Bolivia es, en efecto, un país asentado sobre una bolsa de gas. Ahora bien, no es un gas sencillo de arrancar a la tierra, dada su escarpada orografía. Es decir, necesita tecnología e inversión. Si lo quieren en cifras, la extracción de gas boliviano exige una inversión intermedia de entre 7.000 y 8.000 millones de dólares.

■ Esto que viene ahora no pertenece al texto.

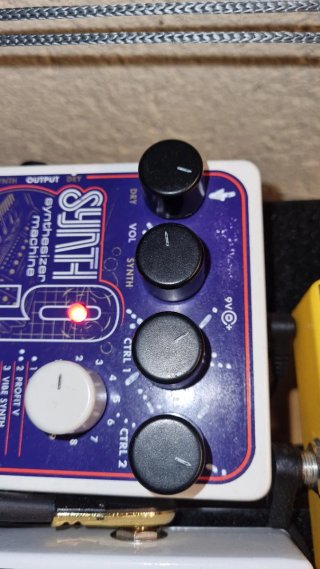 Electro-Harmonix Synth 9 Pedal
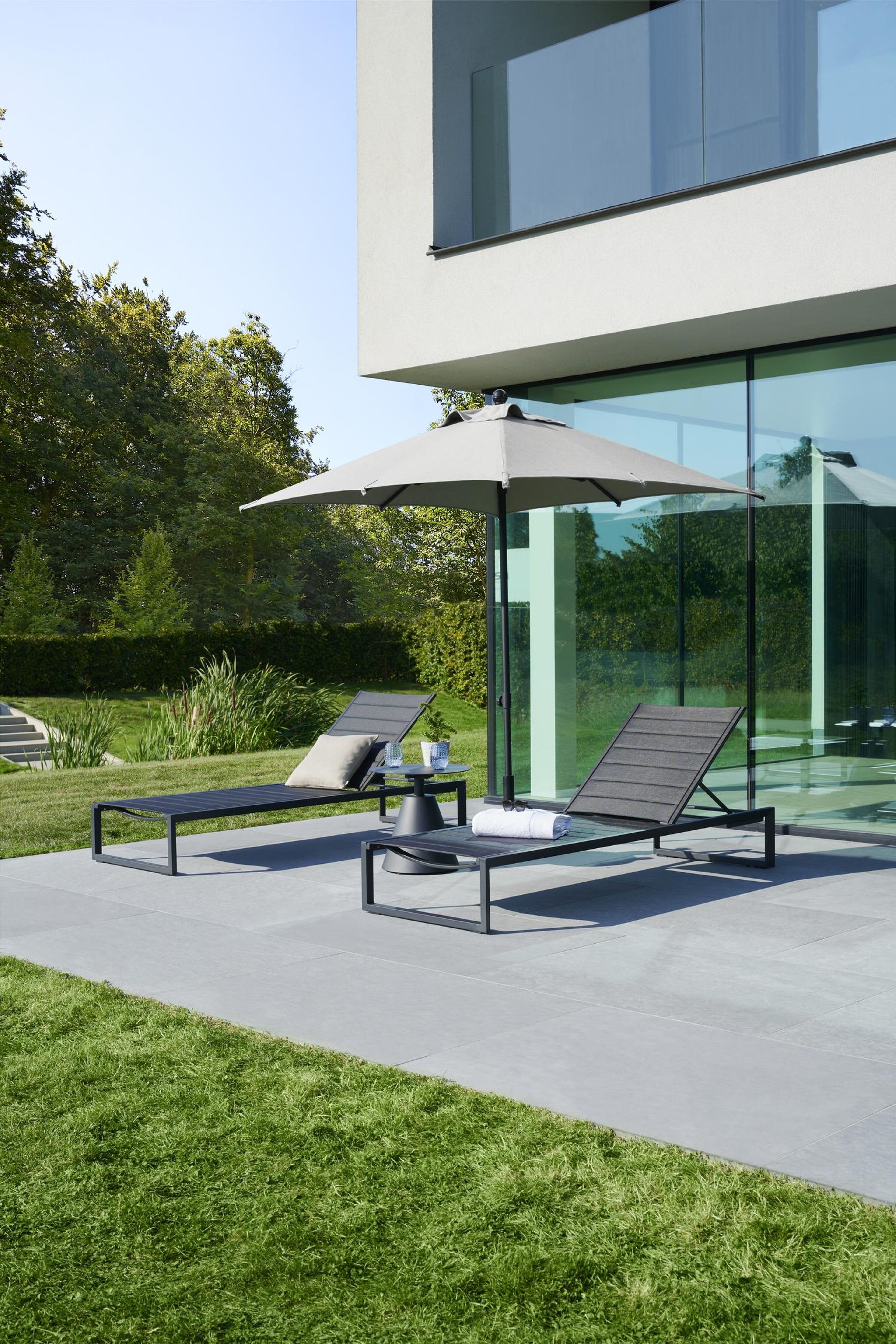 Cirello verstelbaar ligbed in zwart aluminium met zwart comfort textilene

Los cocaleros de extrema izquierda piden la nacionalización de las reservas de gas. Los estados más ricos, por el contrario, exigen una ley blanda con las petroleras (aviso para navegantes, en Hispanoamérica, casi todas las legislaciones son blandas con la petroleras, no al revés). Mesa ha optado por la vía intermedia de la recientemente aprobada ley de hidrocarburos: no nacionaliza el gas pero exige unos impuestos que superan el 90%, ojo, no de los beneficios, sino de la facturación. En algunos campos de más difícil acceso, simplemente se supera el 100% de las ventas sólo en impuestos, es decir, que cualquier operador incurrirá en pérdidas desde el primer momento. Naturalmente, si el desarrollo legislativo de la ley mantiene la misma presión fiscal, petroleras como la española Repsol YPF o la brasileña Petrobrás, se marcharán.

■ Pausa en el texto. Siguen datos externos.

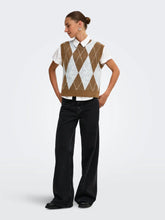 Load image into Gallery viewer, ONLY Argyle Knit Tank -Camel/Grey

Lo más duro es contemplar a un país con una riqueza natural espléndida en una miseria extrema y al bode de la confrontación violenta. Casi más lógico sería que Mesa hubiera hecho caso de la reclamación de la extrema izquierda indigenista y hubiera aceptado la nacionalización de los yacimientos. A cambio, se firmarían acuerdos de explotación con las compañías petroleras y comenzaría a exportarse la gran riqueza de los bolivianos. Lo que ocurre es que la palabra nacionalización produce náuseas ideológicas a los grandes del mundo del petróleo, también a las grandes multinacionales norteamericanas, tan allegadas a la plana mayor de George Bush, como el vicepresidente Dick Cheney, o la misma secretaria de Estado, Condoleezza Rice, que también proviene del sector petrolero.

Además, no nos engañemos: el problema de las compañías norteamericanas en el mundo hispano es que tratan a los Gobiernos con una prepotencia feroz. A veces, como ocurre en Venezuela, no es que se les suban los impuestos; es que no los han pagado nunca y ahora hay gobiernos que se los exigen.

En definitiva, aquí no hay buenos ni malos, todos son malos. Y lo peor es que los bolivianos viven en la miseria a pesar de su preciosísima riqueza natural. Y encima, en medio de la anarquía, al borde del estallido social. Porque eso es lo malo de la acracia: en principio resulta atractiva la ausencia de autoridad, pero antes o después degenera en guerra. Guerra civil, por más señas.